We(Team Fluint) are currently working on an app that will make you exchange foreign currency at live rates and skip banks and high commission fees. We are trying to do some market research and understand how much do travellers lose when they exchange cash. Thanks!<p>Take a look at our startup at www.fluint.io
======
andrew_gs
I use TransferWise ([https://transferwise.com/](https://transferwise.com/))
which is focused around larger bank to bank transfers but provides the same
benefits rates wise.

I've transferred around GBP100K through to NZD over the last 10 months through
it with no complaints.

I'm gathering this is more of a matching service for when you come back from
overseas with some leftover currency? How big is that market? I'd be surprised
if there is enough scale for a PG start-up = growth start-up, but maybe there
is for a decent lifestyle business.

------
panorama
I don't have hard numbers, but as a frequent traveler, exchange fees are
honestly pretty annoying, so much to the point that I manually exchange money
with wealthy friends in destination countries, horde cash like Japanese Yen in
a box until I go back, and other nonsensical-in-2015 things.
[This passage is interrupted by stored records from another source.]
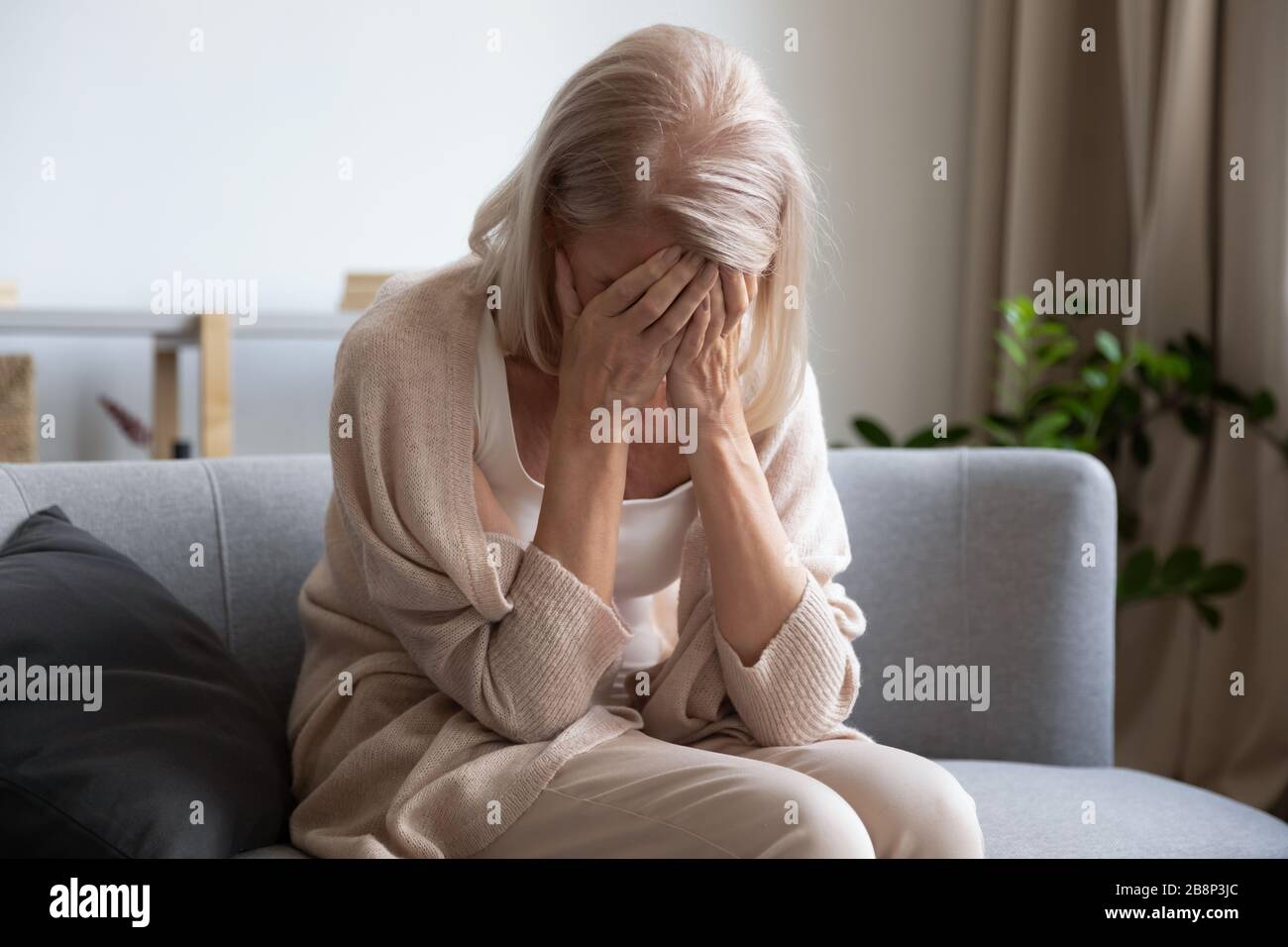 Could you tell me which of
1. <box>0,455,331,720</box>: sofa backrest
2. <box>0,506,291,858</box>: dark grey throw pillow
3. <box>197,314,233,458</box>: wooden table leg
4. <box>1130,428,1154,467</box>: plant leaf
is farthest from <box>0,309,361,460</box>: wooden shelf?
<box>1130,428,1154,467</box>: plant leaf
A lot of countries still operate on mostly cash (like the aforementioned
Japan) so getting by with only a CC isn't too feasible. Then, relying on the
ATM will cost you a lot of money over time unless you specifically have a
checking account at a bank with no ATM fees.

------
rajacombinator
It depends ... In developed countries you'll generally lose at least 5%,
sometimes the airport booths really rip you off for 10% or more. In less
developed countries it can be much better. For instance when I was in Turkey I
paid about 1% to exchange.

------
airframeng
I often exchange from US$ to CAN$ (and vice-versa) and the cheapest way, by
far, is to trade in cash. Credit cards use bank rates and bank rates can't
compete with currency exchange shops dealing in cash.

The problem comes when you want to exchange larger sums of money.

------
vishanpopat
Thanks a lot guys. We will be launching our app soon on Android. Make sure you
get early access to our app :)

------
alain94040
I pay abroad with my credit card and [I believe] I'm paying only 1%
commission. Very reasonable.

------
danieltillett
Even though I feel like Jesus in the Temple every time I change money I
understand why I am paying these fees.

How are you going to make money? The reason for the spread is the costs
involved are high at small scale.